3. Help Customers Help Themselves

Another way to increase the speed and quality of your responses is to have fewer things to reply to! This can be done by making it easier for customers to help themselves – and many customers prefer this self-service method, too. Moving toward self-service can be as easy as expanding your FAQ section. For more complicated requests – particularly useful if you provide technology or software solutions – video tutorials or the ability to schedule online meetings with experts can go a long way.

4. Keep Cross-Platform Records

There is nothing as infuriating to a customer as being bounced between departments and platforms while having to repeat the same story. Avoid making your customers frustrated by improving knowledge management across platforms and teams. If someone makes a complaint on Twitter, and is asked to call in to discuss, this is already one barrier in the way of them being satisfied.

If they call in, and are then transferred between departments and then repeat the same story, you may have lost a customer entirely. Instead, provide a direct line and ensure that the customer service team can easily see their past communication when given a reference (like their name). This will make the process much smoother.

5. Be Mobile Friendly

People are more and more likely to be doing business on their phones, not at a desktop. If your website isn’t optimized for mobile use, you’re likely to be driving away a lot of potential customers.

Luckily, this has quite an easy fix if you’re willing to invest the time and money. Make sure your website is optimized for mobile usage and – if it would be relevant – consider making an app.

6. Rethink How You Prioritize Messages

Most companies will have a way of prioritizing incoming messages so they can reply to the most urgent ones first. This works just fine for emails, but not as much for social media – especially Twitter. On Twitter, customers can see if you have replied to other people. If they see that they’ve been ignored but later complaints have been responded to, they’re likely to be frustrated and even angered. Make sure you understand how to prioritize messages differently for different platforms.

7. Link SMS To Your Other Platforms

SMS messages are a hidden gem in the world of customer experience. They’re a great way to keep customers engaged, especially if you provide a service.

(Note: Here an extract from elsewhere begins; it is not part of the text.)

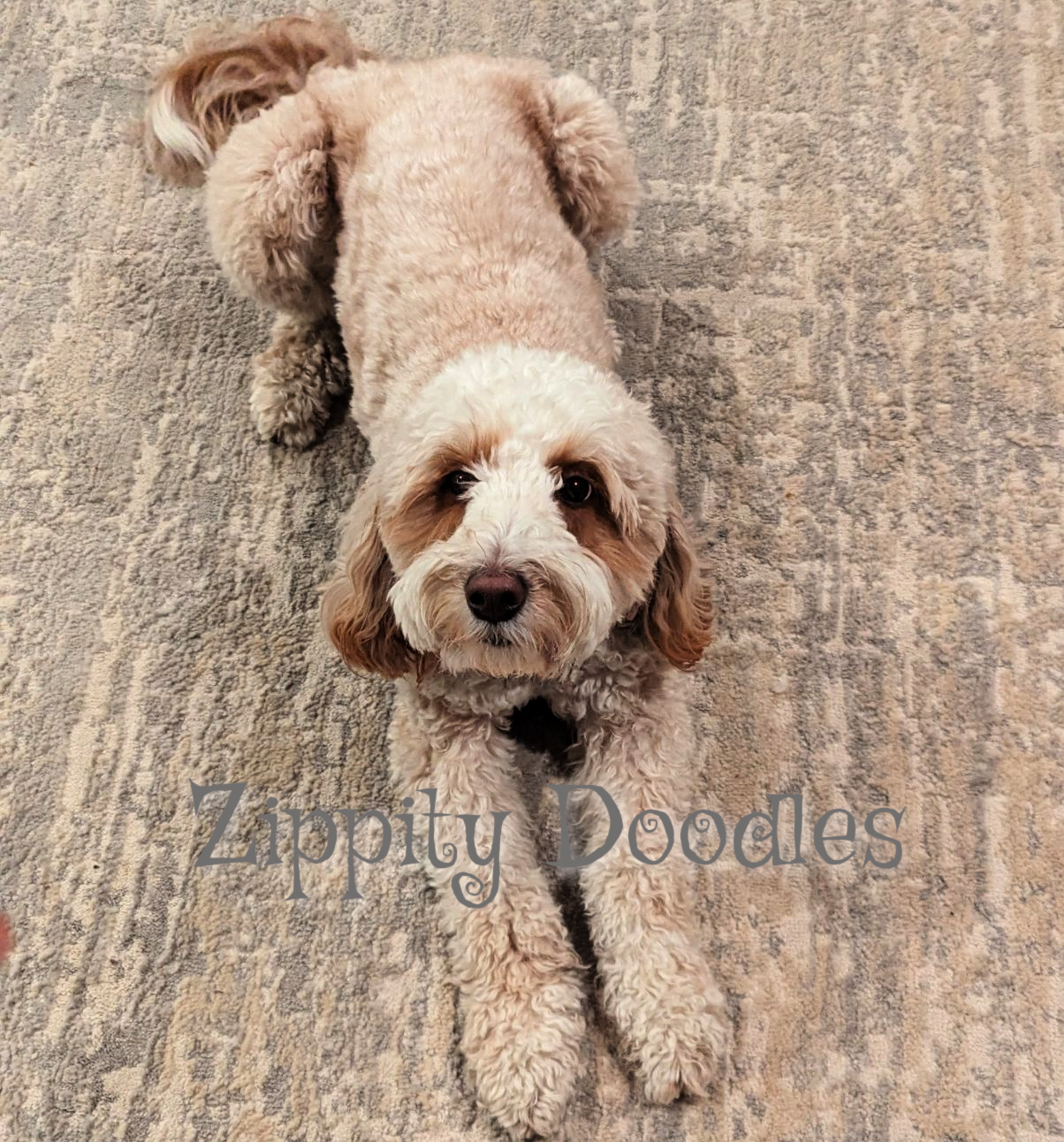 Zippity Doodles Mini Goldendoodle Zoey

If you have made a customer journey map, think about all the possible points a customer might be inconvenienced or forget something. Maybe they’ve booked a haircut through your software or need to renew a subscription. Rather than relying on them logging into your app, or checking their email, send a text. This is an immediate reminder and one that’s quick to engage with. You may even find customers prefer to respond via text too!

8. Keep Training Your Staff

As websites update, smartphones change, and social media platforms expand, there’s a lot to stay on top of. Invest in ongoing professional development for your staff members. If your customer service team understands current expectations, they’ll find it easier to fulfill them – and stay ahead of your competitors. This also has the advantage of increasing staff retention alongside customer retention. Ongoing training is a huge selling point for many job seekers.

With an omnichannel strategy, you also want to ensure that your staff are familiar with the scope of your customer service channels – even if it’s not their specific area. Making sure your call center staff understand Twitter, Facebook, and other channels, as well as your contact center software, will allow them to be more helpful to your customers.

9. Don’t Forget The Classics

Remember: omnichannel is about covering many channels in a unified way. Tempting as it is to focus on the newer developments – apps and social media – you shouldn’t forget about the classics. While younger generations do seem to have a preference for online communication, email is pretty universal.

It’s important to invest your energy in upcoming technology without sacrificing your commitment to good customer service in older ones.

10. Test, Test, Test

Before you implement these steps, test certain metrics. After you’ve implemented everything you’ve learned, test them all again. Just as physical shops have secret shoppers, so too should you! Make sure that everything is working as intended by checking the following:

  • Average response time by platform
  • Shared knowledge between channels
  • Ease to navigate
  • Satisfaction regarding the response

If you don’t see improvement, it’s time to go back to the drawing board and figure out what’s wrong. Even if you do see improvements, it’s important to regularly check in by testing to ensure you’re staying up to date. It’s far better to find a problem yourself than lose a customer.

About the Author:

Sam O’Brien is the Senior Website Optimisation & User Experience Manager for EMEA at RingCentral, a global UCaaS systems provider. Sam has a passion for innovation and loves exploring ways to collaborate more with dispersed teams.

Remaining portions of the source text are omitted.